Page 55 of Snow in Texas

He linked his hands together in his lap and stared at them.

Jenny bit her lip and tried not to smile. “I didn’t hurt your feelings, did I?”

“No.”

“I’m sorry.”

“What for? For thinking I’m an asshole? Or for suggesting I’m not masculine?”

“I didn’t do either of those things.”

“Might as well have.”

She stifled a laugh and schooled her composure. “Colin, look at me.”

He did so, but with obvious reluctance.

“Everybody feels like you do right now during their prospect year. It’s normal. Maybe not fun, no. But normal. I wasn’t trying to suggest anything about you because there’s nothing to suggest. To be honest, I’d worry about you if you weren’t asking these kinds of questions.”And having an identity crisis, she added in her head. “The guys who think it’s fun are either wacko, or not seeing the bigger picture.”

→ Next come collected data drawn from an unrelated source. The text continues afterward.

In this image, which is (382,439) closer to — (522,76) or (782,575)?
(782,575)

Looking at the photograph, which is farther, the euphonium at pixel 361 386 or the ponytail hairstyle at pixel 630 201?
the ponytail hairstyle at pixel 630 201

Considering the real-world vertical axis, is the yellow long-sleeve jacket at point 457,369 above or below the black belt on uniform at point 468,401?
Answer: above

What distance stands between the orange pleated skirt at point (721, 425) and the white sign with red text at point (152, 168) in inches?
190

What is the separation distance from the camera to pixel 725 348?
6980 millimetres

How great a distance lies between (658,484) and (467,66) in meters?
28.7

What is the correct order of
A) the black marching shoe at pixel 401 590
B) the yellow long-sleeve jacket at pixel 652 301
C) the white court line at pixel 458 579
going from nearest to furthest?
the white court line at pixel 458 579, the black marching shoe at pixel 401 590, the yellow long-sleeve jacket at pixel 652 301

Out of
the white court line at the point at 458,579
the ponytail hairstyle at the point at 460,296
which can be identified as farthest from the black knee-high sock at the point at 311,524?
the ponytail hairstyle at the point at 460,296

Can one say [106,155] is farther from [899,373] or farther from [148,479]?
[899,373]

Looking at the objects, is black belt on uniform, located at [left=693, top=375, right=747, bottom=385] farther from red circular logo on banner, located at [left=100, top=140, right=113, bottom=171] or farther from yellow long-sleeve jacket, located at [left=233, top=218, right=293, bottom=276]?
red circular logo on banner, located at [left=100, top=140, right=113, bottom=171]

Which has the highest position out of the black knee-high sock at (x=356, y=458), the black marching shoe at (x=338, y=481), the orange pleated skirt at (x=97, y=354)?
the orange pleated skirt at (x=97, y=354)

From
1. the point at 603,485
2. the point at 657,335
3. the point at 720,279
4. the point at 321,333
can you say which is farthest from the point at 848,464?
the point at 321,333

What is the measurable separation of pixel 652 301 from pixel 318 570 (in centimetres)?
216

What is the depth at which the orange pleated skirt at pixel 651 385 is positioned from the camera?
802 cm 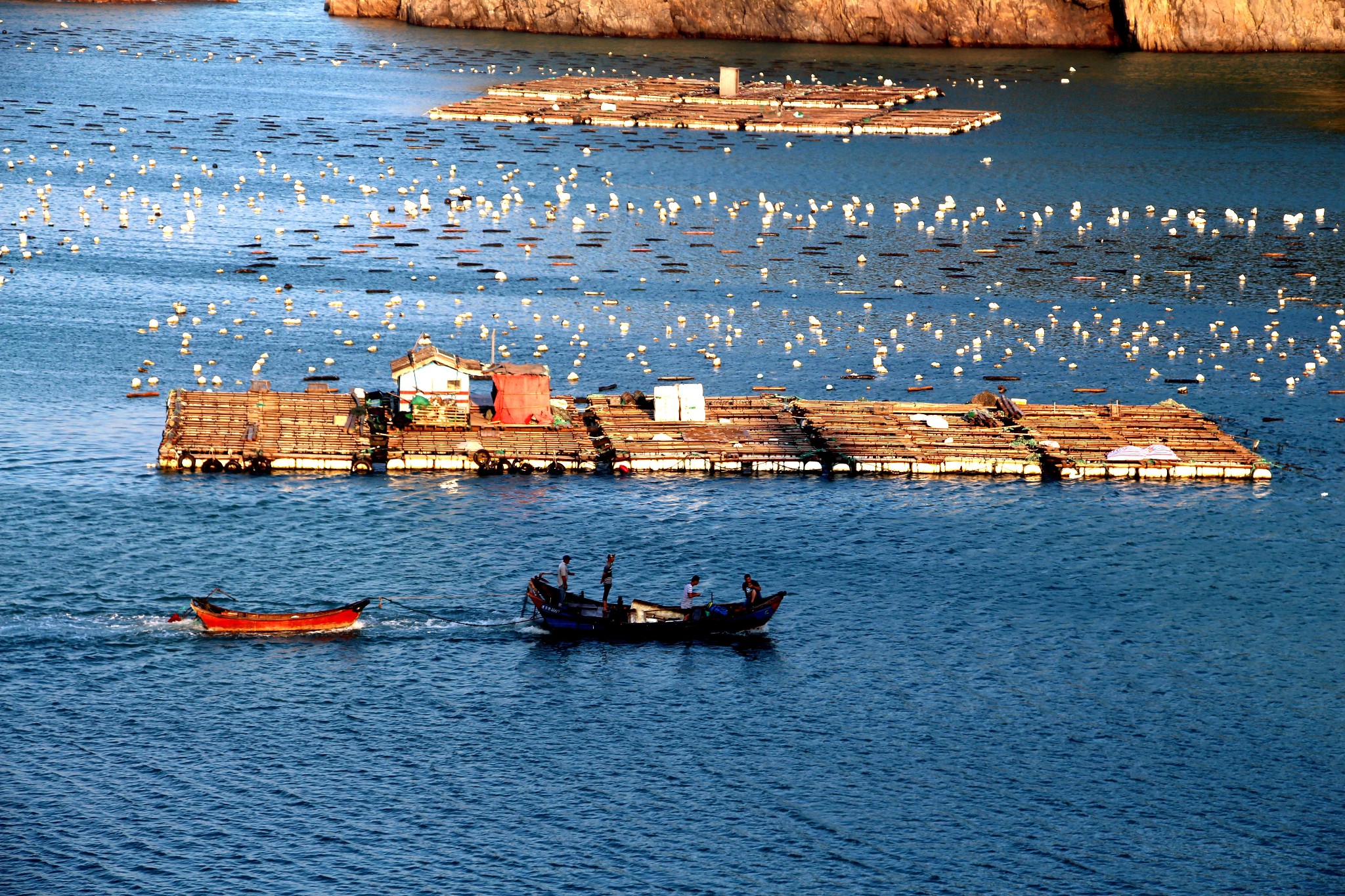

He studied her a moment, eyes somber, but one corner of his mouth flicked upward in an uncertain smile. “Wacko?”

“Wacko. It’s a good thing you hated what happened tonight. I can promise you that Candy hated it too.”

He snorted, unconvinced.

“My brother might be a monster,” she said, “but he’s the right kind of monster. I’m grateful for that.”

Your brother is too, she thought. The question remained:what kind of monster are you?

Twenty-Three

Colin

“He quit?”

The kitchen manager was a sun-damaged, sour-faced woman with wisps of greasy dark hair coming loose of the net she wore on her head. One eye on the cooks ladling up pinto beans, one eye on Colin, she took her cigarette between gloved fingers and exhaled with a grunt of distaste. “Isn’t that what I just said?”

Charming lady.

“Did he quit that day?” Colin pressed, undeterred.

“Which day?”

“The day that fucking creep tried to haul Jen off for questioning.”

The manager’s brows jumped up beneath her hair net as she took another drag. “You’ve got a foul mouth, boy.”

“Sorry.”

“Didn’t say it was a bad thing.”

Okay….eeeewwww.

He cleared his throat and leaned away from her a fraction. “Look, I just need to know where I can find him. Do you have an address?”

She tapped ash off the end of her cig down onto the kitchen floor, making him regret all the meals he’d eaten here. Her gaze flicked to the Prospect patch sewn to the front of his cut. “You Lean Dogs,” she said, lip curling. “Y’all think you’re the damn cops or something.”

“Um, I’m pretty sure none of us think that.”